The idea is a basic one: clean a liter-sized plastic bottle, and then add water with two capfuls of bleach. The bottle is then fitted snugly into a square-shaped piece of corrugated metal that will provide coverage over a roughly-cut hole in the roof of a house.
The water in the bottle will attract sunlight and refract its rays, redistributing the light throughout the room. Because the bleach can prevent algae from building up in the water, one solar bottle can be as illuminating as a 50-watt light bulb and last as long as five years.
“This is a really unique product because essentially it works when the sun is shining. There is a specific kind of slum dwelling that has essentially no windows, and anything that can bring a little light into one of these dwellings is welcome,” explained John Barrie, Executive Director of the Appropriate Technologies Collaborative.

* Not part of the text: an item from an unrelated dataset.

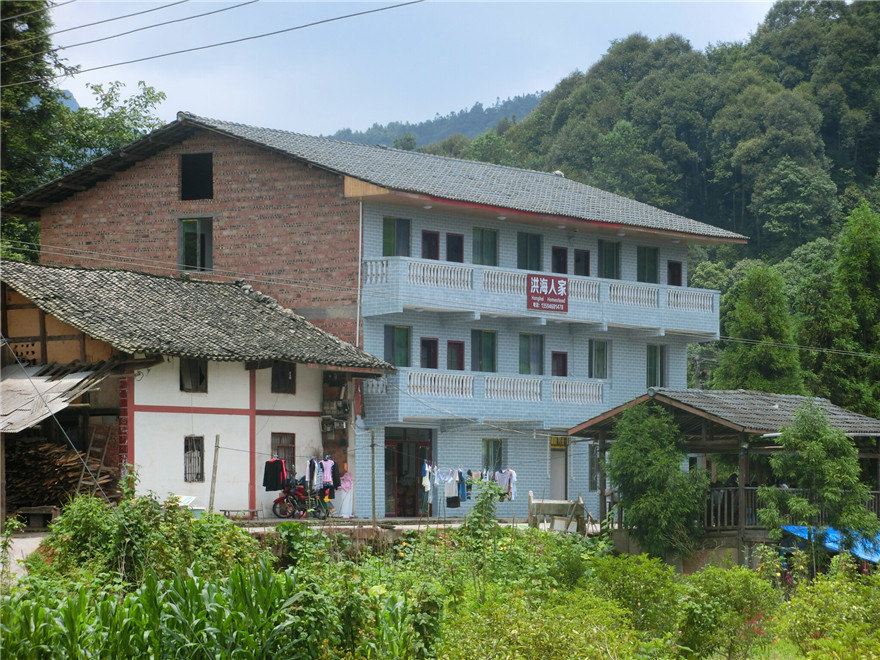 重庆洪海人家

Its technological genius lies in its simplicity, and the solar bottle bulb could mean the difference between daytime and darkness in areas that do not have access to safe and affordable electricity. In fact, once MIT students introduced the solar bottle bulb, the MyShelter Foundation in the Philippines used the technology to light homes all over the country. They named the lighting project Isang Litrong Liwanag, which means “A Liter of Light” in Tagalog. Isang Litrong Liwanag has stated that its mission is to light at least one million homes by the year 2012.

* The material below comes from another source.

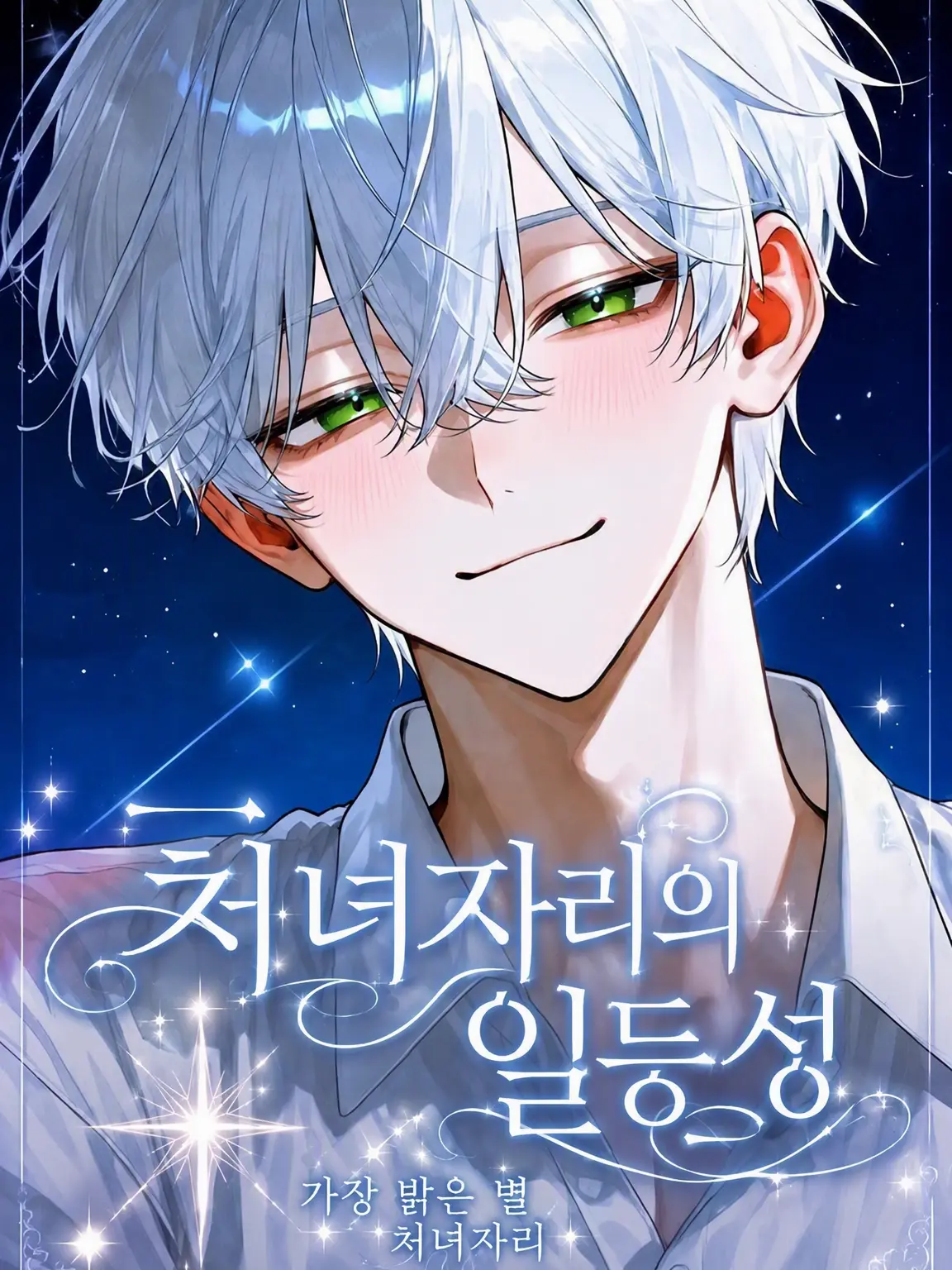 flat_Bcl의 처녀자리의 일등성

As a cost-effective alternative to electricity, the solar bottle only costs about two dollars to make and a few minutes to install. In addition to its immediate effects for lighting in the developing areas, it also presents an opportunity for economic empowerment. “The bottles are a free resource, and the corrugated metal and caulk is all you need,” Barrie added. “Someone could provide this at a relatively low cost, and people can make a little bit of money.”
Another appealing aspect of this solution to affordable lighting is the fact that they are easy to replicate. Solar bottle bulbs do not require factory-made parts that will be difficult to maintain, and making the bottle is a process that almost anyone can learn to do. One particular video, produced by Isang Litrong Liwanag, continues to be re-posted in online communities because it demonstrates step-by-step how to make a solar bottle.
“It’s actually being done by people in the field,” said Barrie. “You can get YouTube anywhere on the planet, and you don’t even have to speak Portuguese to understand the gentleman in the video who is explaining how to do it.”
Overall, the solar bulb’s greatest impact may be what it represents–a changing global community where even the economically disadvantaged can access the tools they need to help one another. As Barrie explained, “The beauty of it is that people are starting to solve their own problems. It’s creating a net public good through social media.”